THE TASK: When you reach the line that contains "Land Rover Range", please begin copying, and carry on exactly to the last line of the material, leaving out every picture.

DATA EXCERPT:
┄┄┄┄┄┄┄┄┄┄

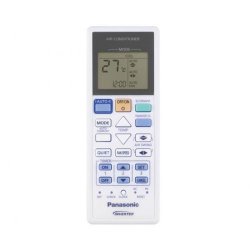Сплит-система Panasonic CS-E15RKDW/CU-E15RKD Deluxe Inverter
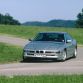 BMW 8-Series 25th anniversary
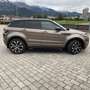 Land Rover Range Rover Evoque Dynamic 2,2 TD4 Aut. - thumbnail 3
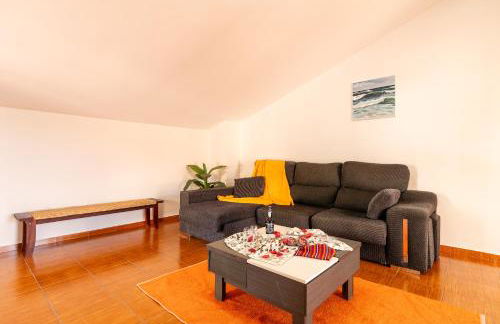 Apartamento Celia - Photo 4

┄┄┄┄┄┄┄┄┄┄

RESPONSE AREA:
 Land Rover Range Rover Evoque Dynamic 2,2 TD4 Aut. - thumbnail 3
 Apartamento Celia - Photo 4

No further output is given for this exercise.